Wilh. Wilhelmsen Holding is set to become a more active player in the oil and gas industry after raising its stake in the NorSea Group to 72% from 40%. "We wish to have an exposure towards the energy market, primarily oil and gas, but also the offshore wind industry," said Wilhelmsen group chief executive Thomas Wilhelmsen, explaining the deal.
Dorian LPG has engaged the American Bureau of Shipping to conduct an in-depth cost-benefit analysis of using LPG as a fuel for ships. Chief executive John Hadjipateras sees LPG as a cost-effective alternative to liquefied natural gas and wants to be at the forefront of adoption.
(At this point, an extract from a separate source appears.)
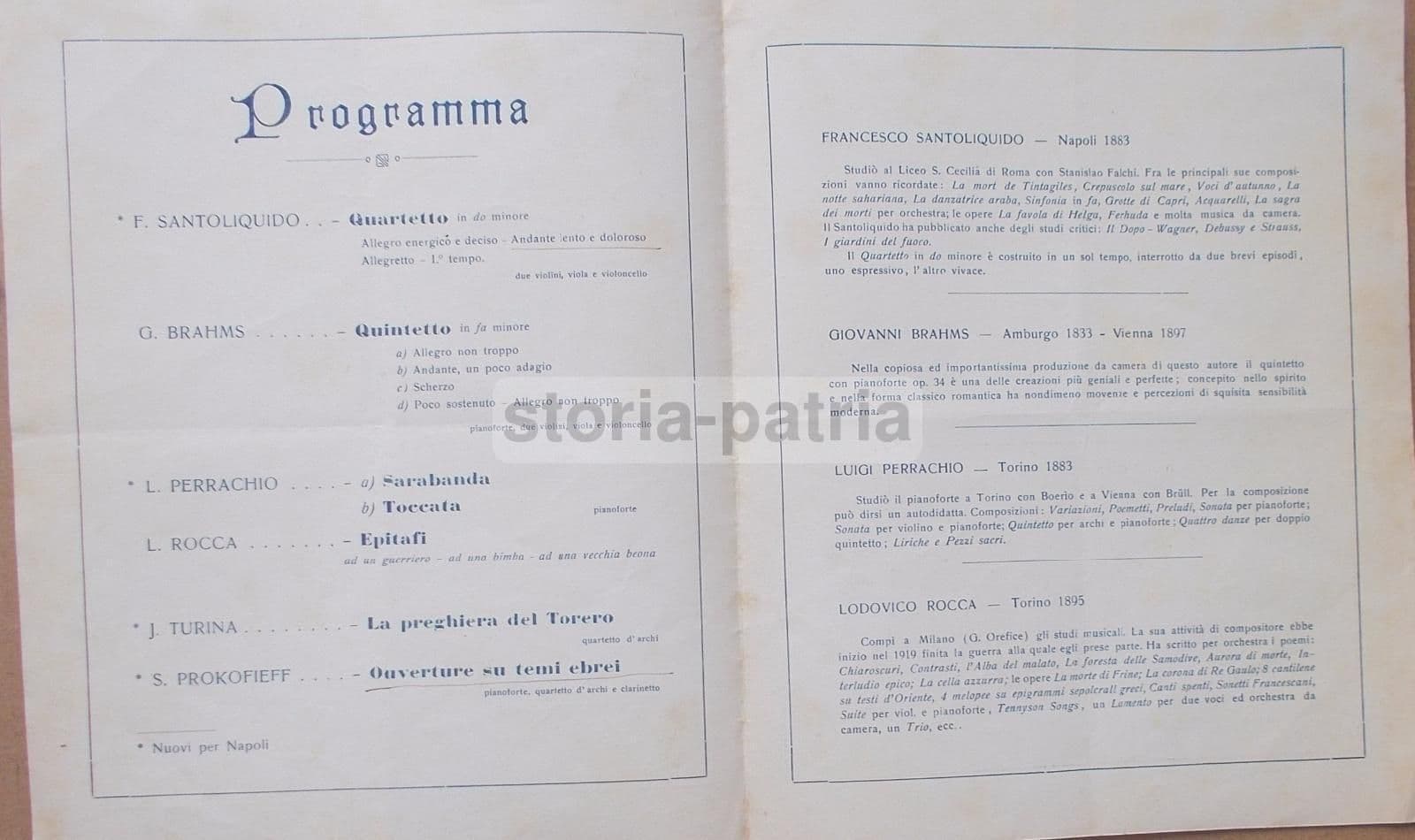 Programma Concerto Associazione Scarlatti Napoli 1930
Oslo-listed Songa Bulk has signed a deal to acquire another secondhand kamsarmax vessel as it continues to build up its fleet of bulk carriers. Chief executive Herman Billung is betting on a supply-driven increase in dry bulk asset prices amid limited newbuilding orders.
Norbert Aschmann will step down as chief executive of Bernhard Schulte Shipmanagement at the end of the year, the company confirmed on Wednesday.
Ian Beveridge, chief executive of the privately owned Hamburg-based Schulte Group, which owns Bernhard Schulte Shipmanagement, will take over as chief executive beginning on January 1, 2018. The reasoning behind that decision remains unclear, with no further explanation provided.